The firm, 1st Alliance Mortgage Lending, was placed under investigation in May 2018 following a whistleblower complaint that the firm was engaging in unlicensed mortgage origination, according to the DOB’s notice of intent to revoke the lender’s license, published Aug. 1. At the time, Connecticut represented around 7 percent of its originations,

The DOB investigation found that 1st Alliance relied on a call center staffed by around 50 unlicensed mortgage loan originators and only 11 licensed mortgage loan originators. The former would make outbound calls on leads the company had purchased from Lending Tree, Realtor.com and Zillow, sometimes making up to 200 to 250 such calls per day, and take inbound calls from interested applicants. They would then gather information necessary for the application, review the borrower’s eligibility for various products and home purchase prices based on federal guidelines and estimate monthly payments and closing costs for the borrower.

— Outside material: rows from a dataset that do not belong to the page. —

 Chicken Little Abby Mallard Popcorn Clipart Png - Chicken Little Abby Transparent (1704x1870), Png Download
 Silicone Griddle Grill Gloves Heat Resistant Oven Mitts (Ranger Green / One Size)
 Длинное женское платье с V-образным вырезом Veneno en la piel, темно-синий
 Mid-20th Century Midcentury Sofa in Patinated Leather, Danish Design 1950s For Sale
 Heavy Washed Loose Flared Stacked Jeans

Once the unlicensed originator decided the potential borrower was qualified for a 1st Alliance loan product, they would send the application to one of the company’s licensed mortgage loan originator for the issuance of a prequalification letter. According to the DOB, 1st Alliance’s Connecticut residential loan closings were performed by only eight of 1st Alliance’s licensed originators. Of its licensed originators, a subset of five averaged between 80 and 102 closed mortgage loans nationwide for the quarter preceding the start of the investigation, or roughly one loan per day, well above industry norms.

After settlement negotiations with the DOB broke down, 1st Alliance announced in September of last year that it was beginning layoffs as a result of the dispute. According to the CT Mirror, 1st Alliance CEO John DiIorio held a press conference late last week to state the firm was down to 17 employees, from 170 prior to the investigation, and was ceasing operations due to the Connecticut investigation – it had lost its surety bond on July 31. DiIorio accused the DOB of regulatory overreach.

Attempts to contact 1st Alliance for comment were unsuccessful.